Know strategies for analyzing corpora and investigating research questions with Topic Modeling Tool results

“Panama Papers” News Story

The “Panama Papers” were about 12 million leaked documents that shed light upon people around the world who were hiding money in offshore entities through the Panamanian company Mossack Fonseca. The news coverage in the immediate aftermath of the leak tended to focus on a wide range of issues from the technical aspects of a hack to the implications of various world leaders and celebrities who were exposed. In the weeks following the leak, I selected 34 articles about the issue and extracted the text content into text files (see articles below.)

Manual Topic Modeling Activity

Prior to class: Read Brett, Megan R. “Topic Modeling: A Basic Introduction.” Journal of Digital Humanities.

Slides are available here

Topic Modeling is an algorithm that finds “a recurring pattern of co-occurring words” in a corpus of text. This does take overall usage of a word across the entire corpus into consideration, so words used often in many documents will not appear in every topic. So, for example, “Panama” will almost certainly be used at least once in every article — the average is about 6.3 times per article. However, “Panama” will only be included in an article’s keywords if it’s used a significant amount of times and has close usage relationships with other words.

Today you’ll skim a few articles and try your best to imitate topic modeling algorithms. Your assigned articles can be found below.

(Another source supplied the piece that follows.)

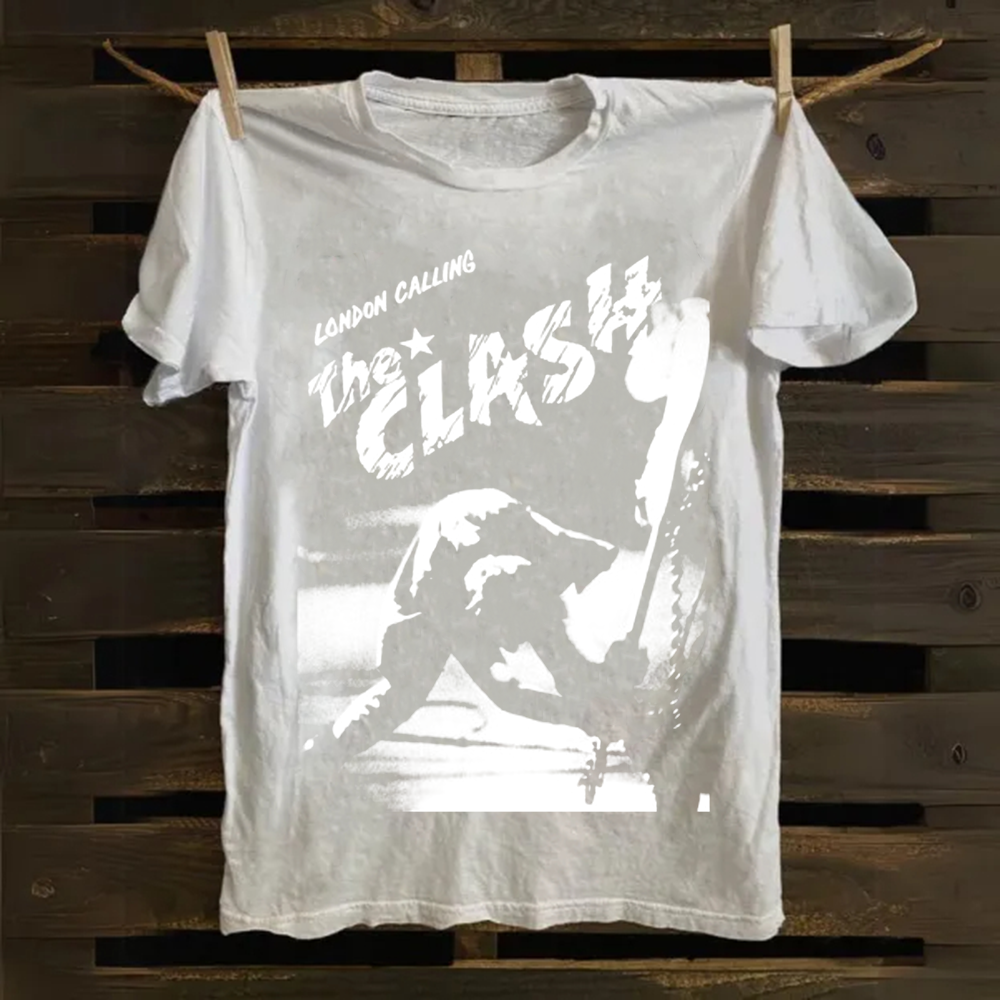 Vintage The Clash Punk Band  cotton T-Shirt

Before you start reading your articles, take a look at the total word usage for all 34 articles (stop words removed). Once you have glanced at the list, read your first article. Write (or type) out words that seem unique to the article. This means words that are used disproportionally more often in your article than in others in the corpus. Remember, you’re only looking at words used, not concepts or themes that you’re able to discern from them. You’re imitating a computer algorithm, and algorithms are not particularly smart. Once you’ve finished your first article, do your second.

Do your words seem to make sense as one or more topics, or do they seem to be random?

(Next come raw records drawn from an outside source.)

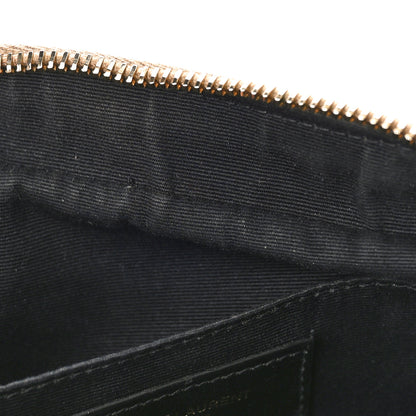 Saint Laurent Calfskin Matelasse Monogram Lou Camera Bag Dark Beige 8 of 11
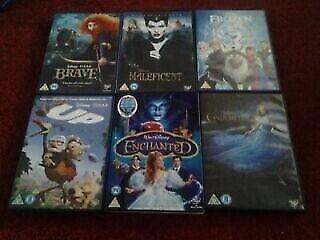 6  x  Walt Disney DVD's for sale.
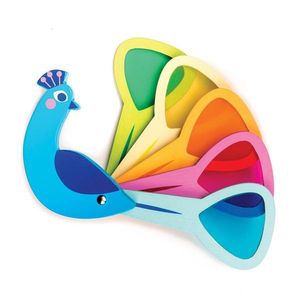 Jucarie din lemn - Peacock Colors | Tender Leaf Toys imagine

Comparing and Analyzing Results

I used Topic Modeling Tool (TMT), an easy-to-use tool for using MALLET for topic modeling. TMT produces a set of CSV files and a set of HTML files with your output. Take a look at these results with 20 topics. (Remember, these aren’t labeled topics, they’re clusters of words that likely represent a topic.)

Are there any identifiable “topics” here? Are there any “topics” that don’t seem to make sense?

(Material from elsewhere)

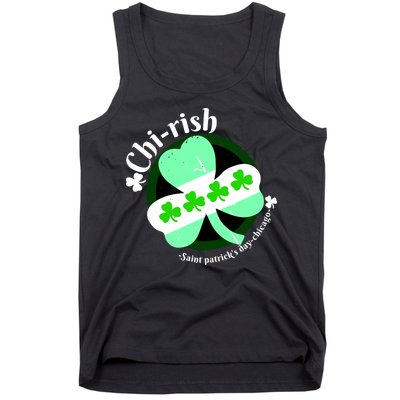 ChiRish St. Patrick's Day Chicago Irish Clover Tank Top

If you click on one of the topics, you’ll see the list of documents ordered by how closely each document corresponds with the topic. The number in parentheses is the number of times words in the topic appear in the document. Now click on one of the text files. This will show you the full text of the file, and it will also show the topics that align closely with your topic.

Take a few minutes and explore these results. Click through the network of topics and documents and see if you can find any patterns. Look at the articles you read and see how closely your results matched the TMT results.

Once you’ve examined the results with 20 topics, take a look at the same articles run with 40 topics.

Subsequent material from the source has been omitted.